Advisors Still Confused About What Fiduciary Standard Really Means

From an advisor’s perspective, confusion still reigns as to what constitutes a fiduciary-friendly broker/dealer. To bring clarity, we are focusing on one of numerous firms we perceive as fiduciary-friendly. The firm, United Planners Financial Services of America, was formed in 1987 with 539 registered advisors, $8.1 billion of AUM and 60% of their revenue derived from advisory business. We asked United Planners President Michael Baker and Executive Vice President Sheila Cuffari-Agasi a few questions starting with, “How do you see your broker/dealer helping advisors to adhere to a fiduciary standard?”

According to Baker, “We have always maintained an open architecture philosophy and do not have proprietary products or platforms. Further, we do not mark up or have any revenue sharing with any of our investment advisory service providers. Given that we are 100% employee- and advisor-owned, we are not driven by a product manufacturer or private equity that may have other interests in mind. All these factors foster an environment in which we have eliminated the corporate level conflicts so advisors can operate their business and service their clients with a high degree of fiduciary standards.”

Just Because Everyone Is Doing It Doesn’t Make It Right

Wondering why United Planners hasn’t gone the direction of corporate interests over clients, I asked “What internal struggles did your firm go through in order to stand out for being fiduciary-friendly and not get caught up in the trappings of platform fees, excessive markups, proprietary advisory platforms and restricted choices?”

Cuffari-Agasi responded, “We had to prove that less of more, is more … without the overhead. Just because everyone else was doing it, it wasn’t the right thing for us. About 12 years ago, the discussions began about the future of our industry and “where the puck was going.” We talked about following the pack and were well aware of what other firms were doing. The trend line of traditional broker/dealer reps and hybrids moving to the Indy RIA space was already forming. We were able to create our space in that trend line. We turned our focus to the advisor, and what was best for their clients versus how to create the biggest profit. We knew we would be facing tough margins. We knew it was revolutionary and untested. We also knew it would help us attract the “ideal advisor” that shares a similar philosophy and is only looking at what is in the best interest of the client.”

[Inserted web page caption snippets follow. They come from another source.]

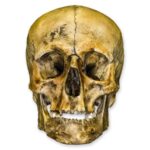Replica Roman Gladiator Human Skull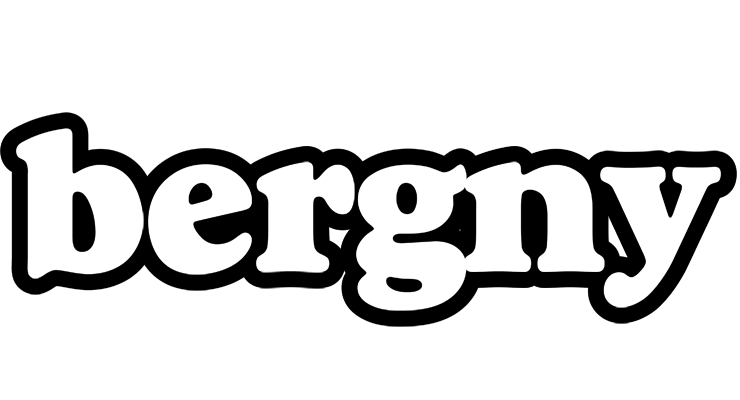Bergny panda logo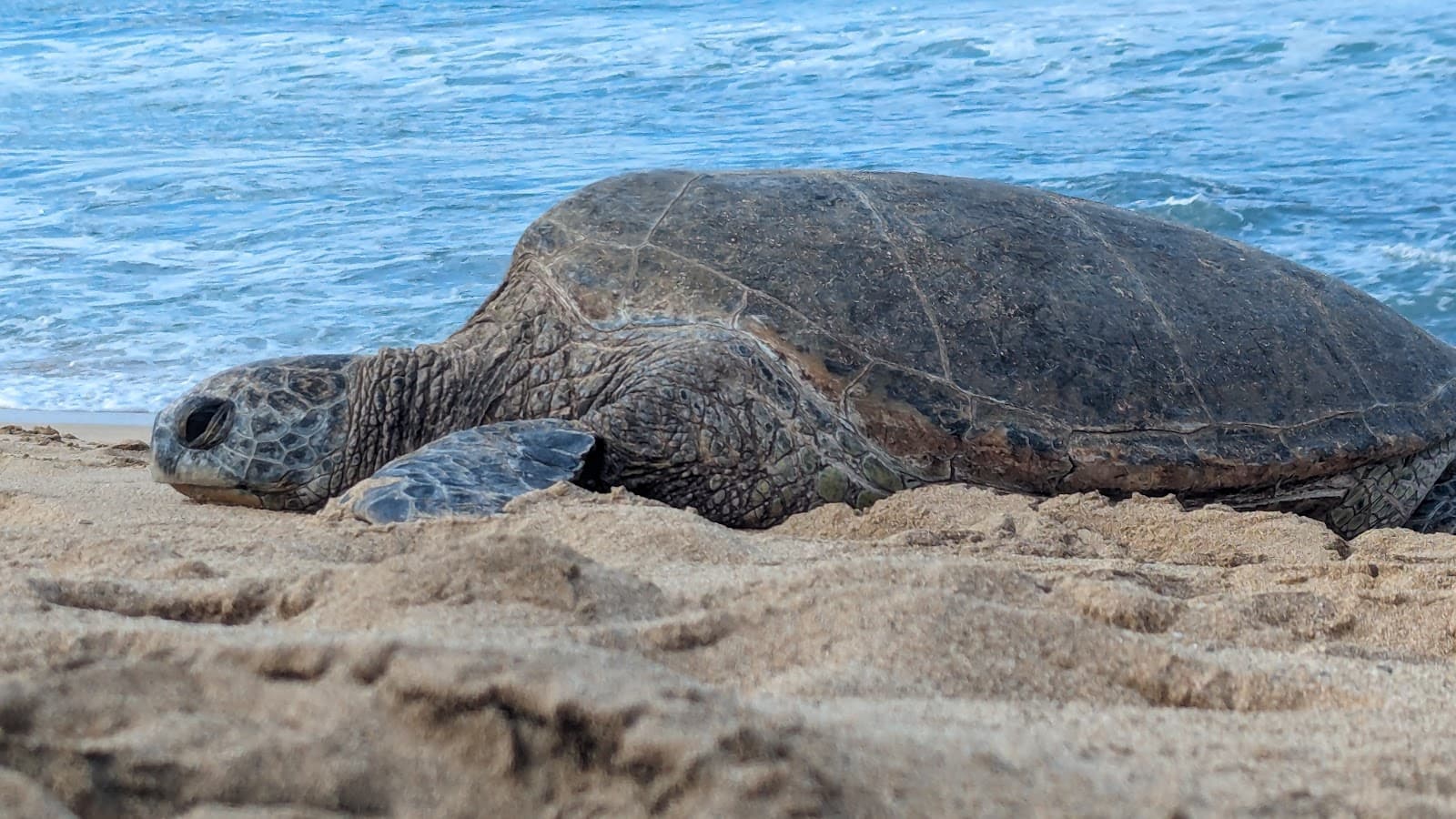 Sugar Cove Beach - Image 1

Stability in an Era of Private Equity and Acquisitions

Between insurance companies selling their broker/dealers, private equity largely filling that void and smaller firms selling to larger b/ds, we asked Baker, “How has United Planners addressed the issue of ownership stability and predictability in light of these changes?”

Baker responded, “United Planners was formed as a limited partnership by the founding partners primarily to avoid the potential of a corporate acquisition. Advisors appreciate coming to United Planners knowing that the fate and destiny of their broker/dealer and investment advisor does not lie in the hands of a few executives sitting around a boardroom table. But rather, it rests in the voting rights of over 150 advisors that qualify to be limited partners. The limited partnership structure makes a sale of the firm extremely difficult, if not impossible. We have been the recipient of a lot of quality advisors looking for that stability that is rare in an era of private equity and smaller firms being acquired by larger firms. We don’t have to answer to shareholders, a sole owner or insurance company. We answer to our advisors.”

CFPs that have not yet positioned themselves to a fiduciary standard on their investment advice may find their current b/d greatly conflicted in their ability to offer their clients what is in their best interests. Repositioning your clients into a fiduciary-focused true hybrid broker/dealer environment that brings more choices and lower pricing will not only safeguard your practice away from potential conflicts of interest and opaque pricing but also shield you from litigation-hungry securities attorneys.  

Jonathan Henschen is the president of Henschen & Associates, a recruiting firm in Marine on St. Croix, Minn.